### WORK ORDER
First find the line with "Spykar - Women", then reproduce it and all following lines of the data to the end, exactly and with no pictures, adding nothing.

### DATASET CONTENT
----------------------------------------

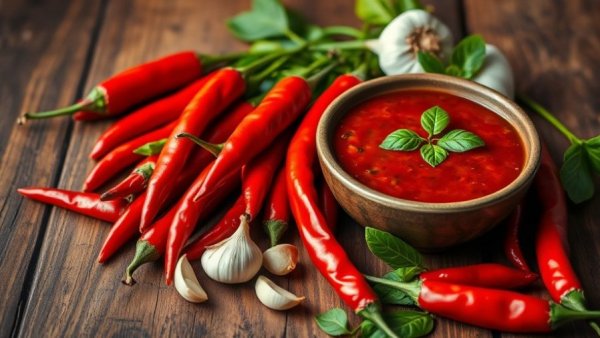 Spicy food including red chilies and sauce on a wooden table.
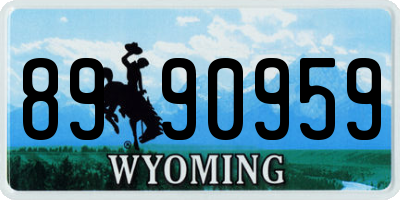 WY license plate 8990959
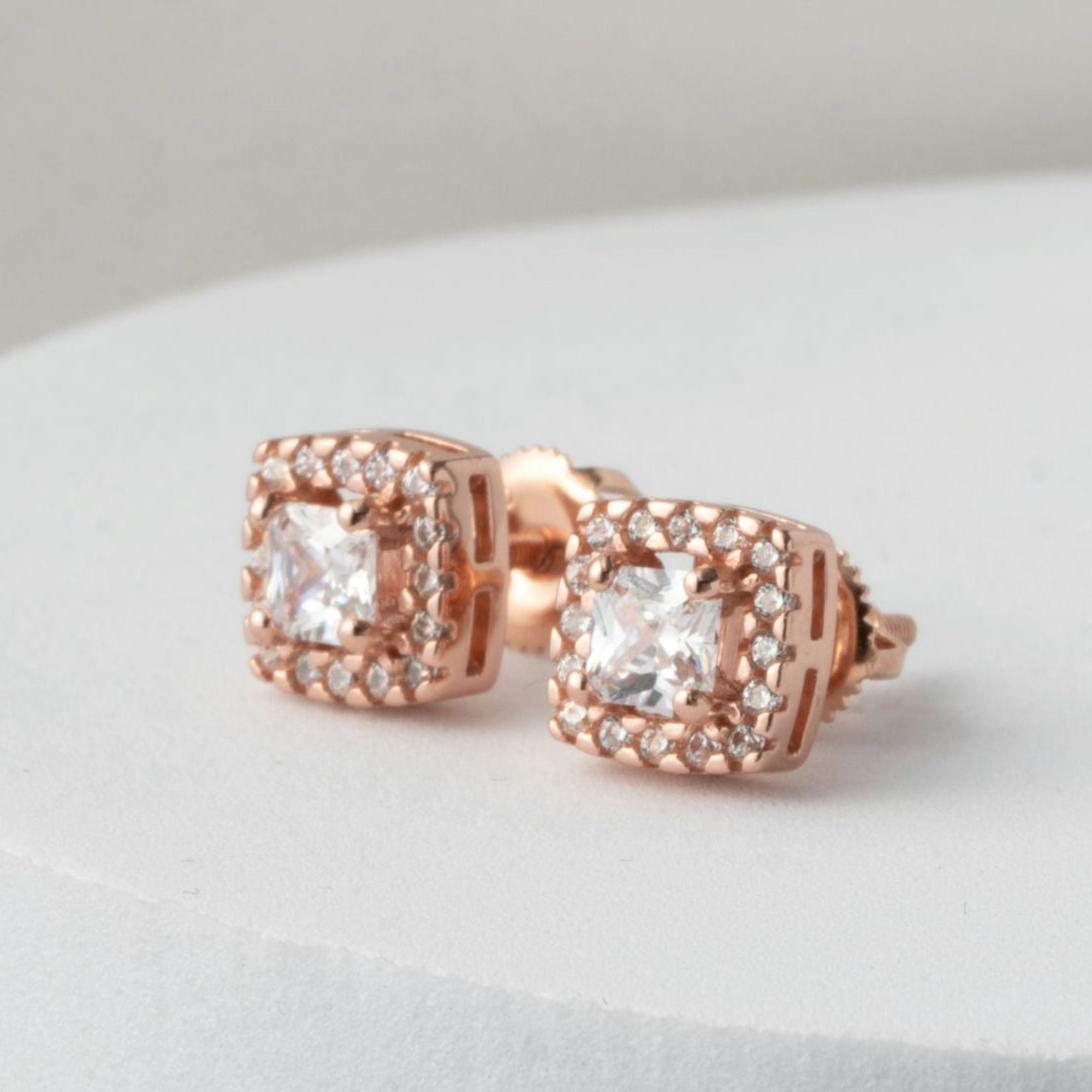 Vintage Sapphire Cut Silver Studs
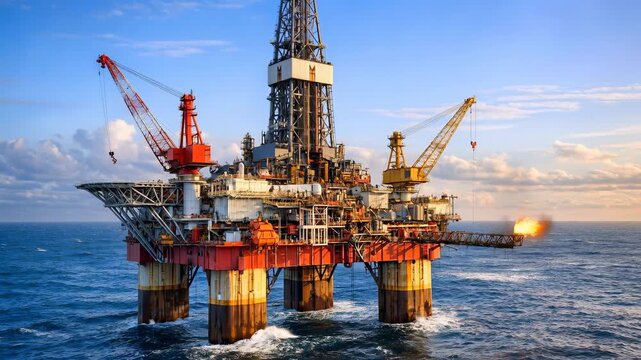 Offshore oil platform with burning gas flare in open sea. Wide shot of industrial drilling rig at sunset.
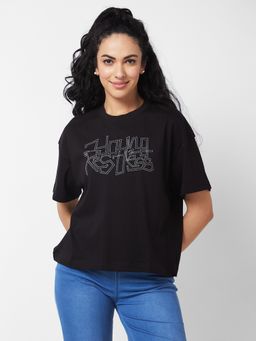 Spykar - Women Round Neck Half Sleeves Black T-Shirt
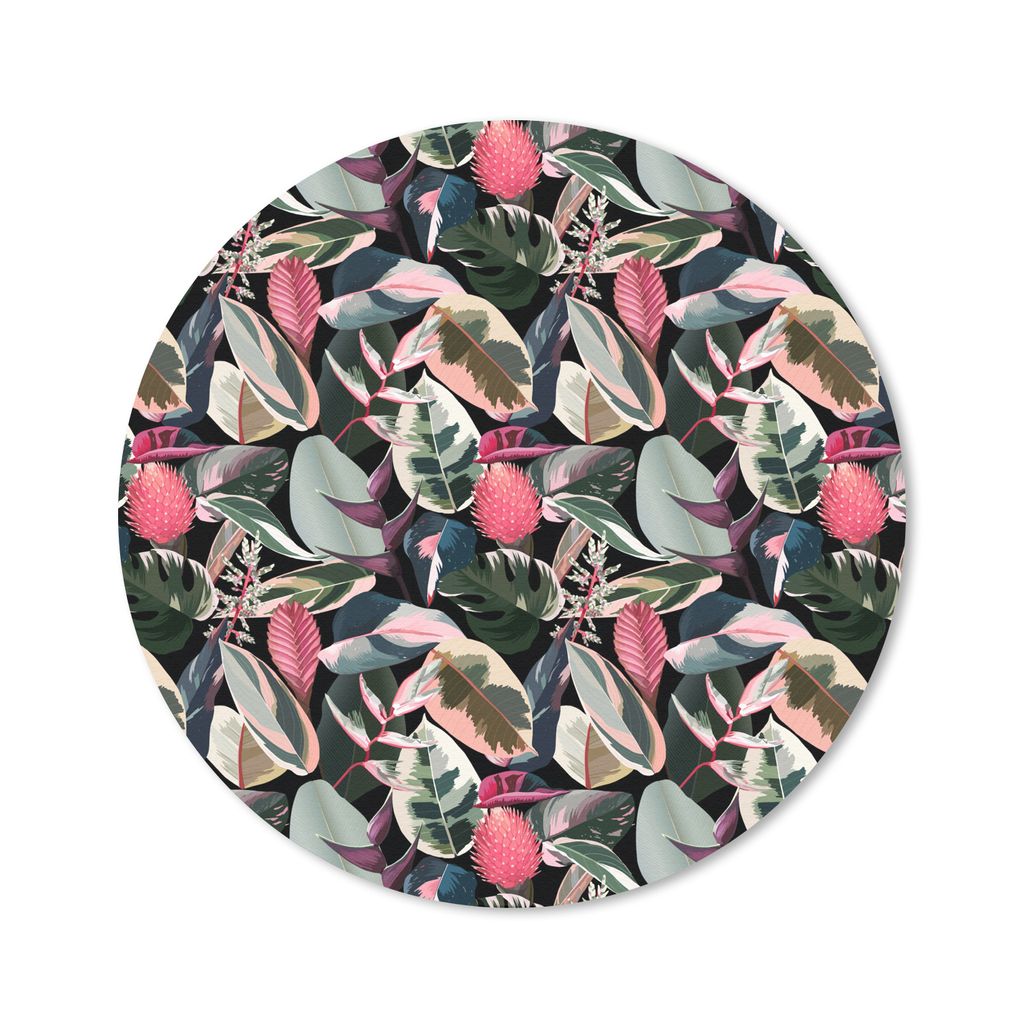 MuchoWow Mauspad Mousepad Tropisch - Blätter - Rosa 50x50 cm - Mousepads - Maus Mat - Pad - Mausunterlage - Vinyl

----------------------------------------

### ANSWER BOX
 Spykar - Women Round Neck Half Sleeves Black T-Shirt
 MuchoWow Mauspad Mousepad Tropisch - Blätter - Rosa 50x50 cm - Mousepads - Maus Mat - Pad - Mausunterlage - Vinyl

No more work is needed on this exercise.